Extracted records
*** Block opens ***

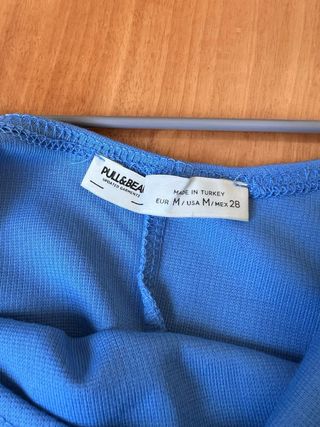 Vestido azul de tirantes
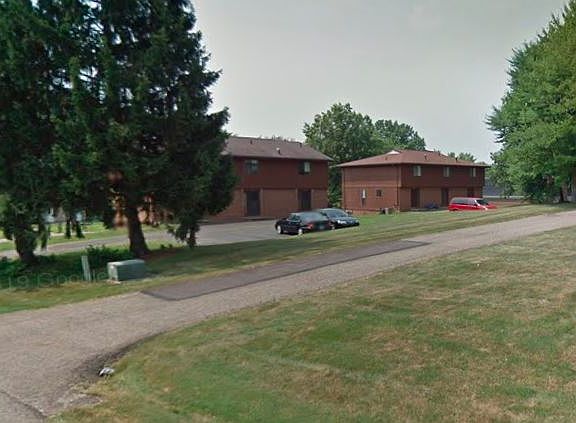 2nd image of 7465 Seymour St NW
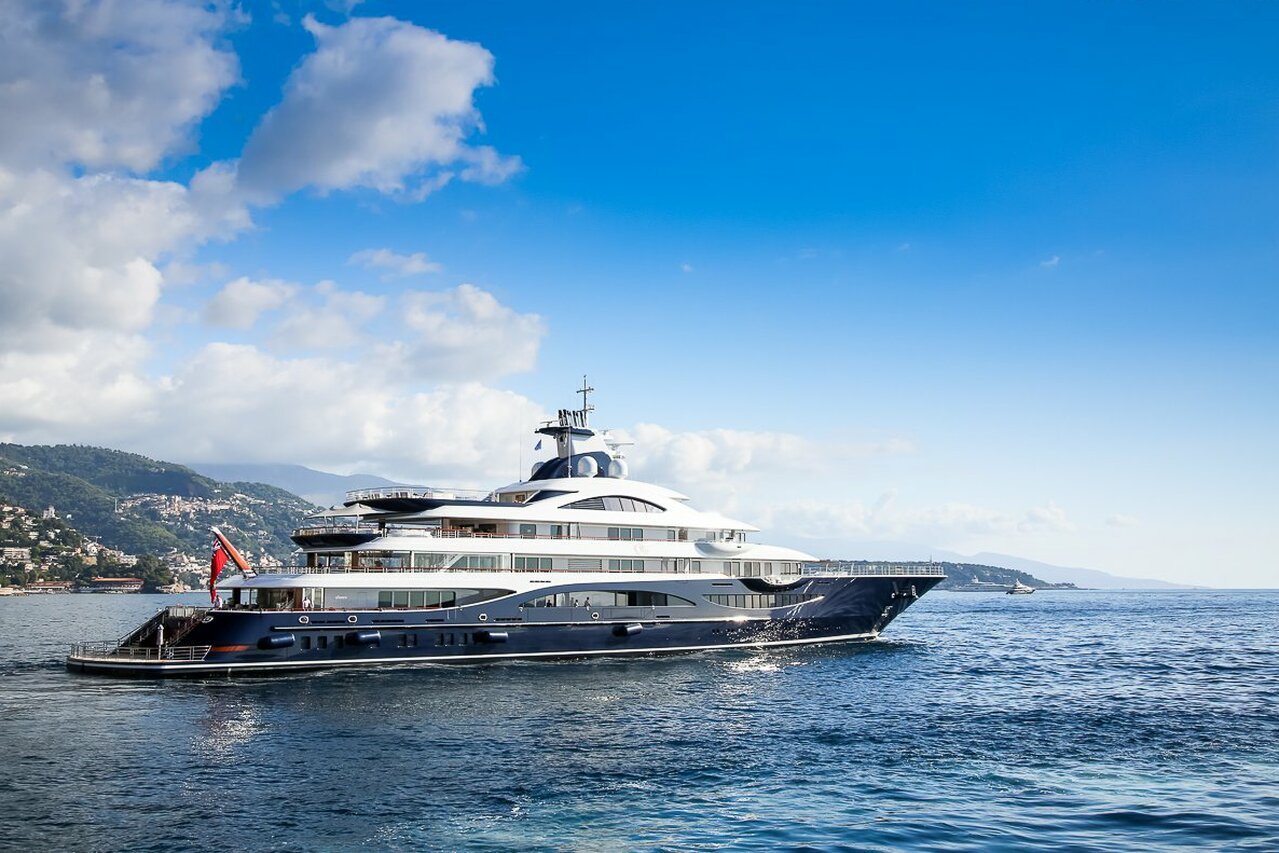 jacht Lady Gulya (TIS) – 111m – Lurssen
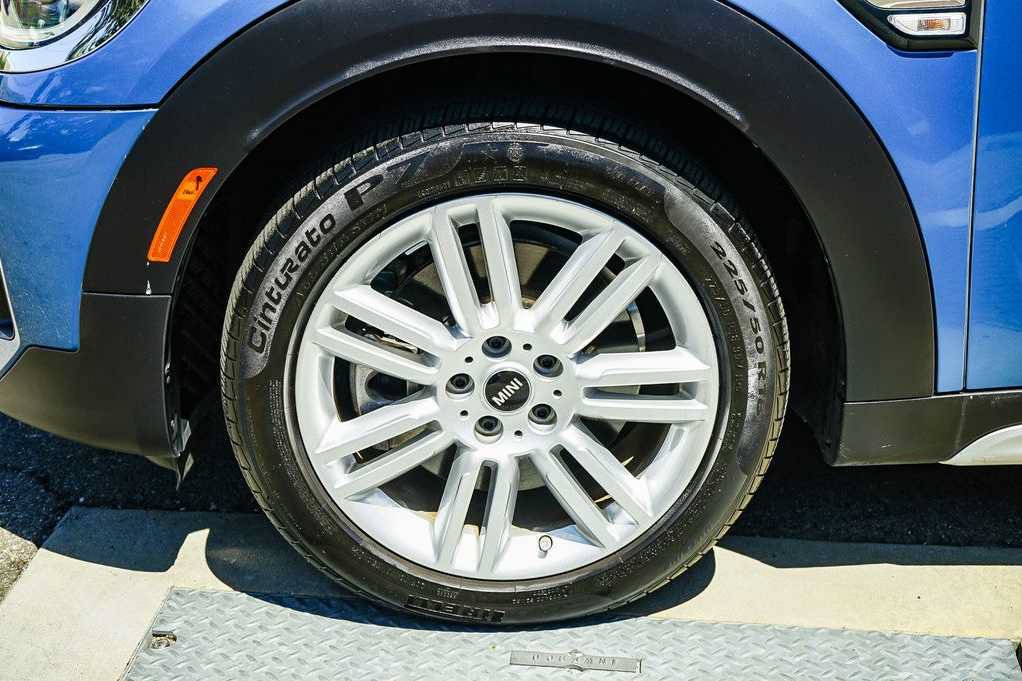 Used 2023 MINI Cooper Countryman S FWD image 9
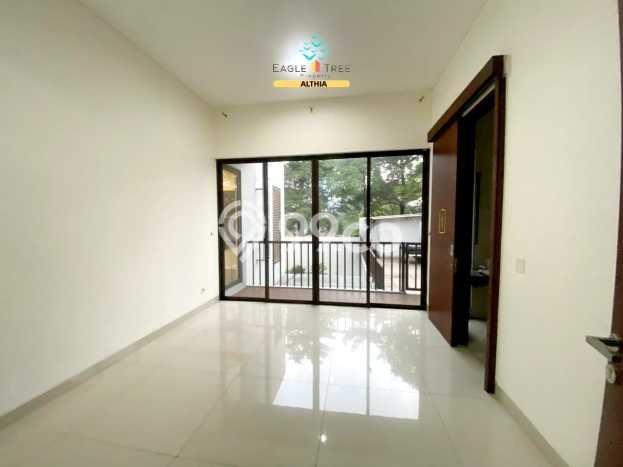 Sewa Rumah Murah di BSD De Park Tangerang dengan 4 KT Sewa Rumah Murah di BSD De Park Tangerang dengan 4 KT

*** Block closes ***

__What is being asked__
All of the entries above need to be transcribed exactly, except for the pictures.

__Solution__
 Vestido azul de tirantes
 2nd image of 7465 Seymour St NW
 jacht Lady Gulya (TIS) – 111m – Lurssen
 Used 2023 MINI Cooper Countryman S FWD image 9
 Sewa Rumah Murah di BSD De Park Tangerang dengan 4 KT Sewa Rumah Murah di BSD De Park Tangerang dengan 4 KT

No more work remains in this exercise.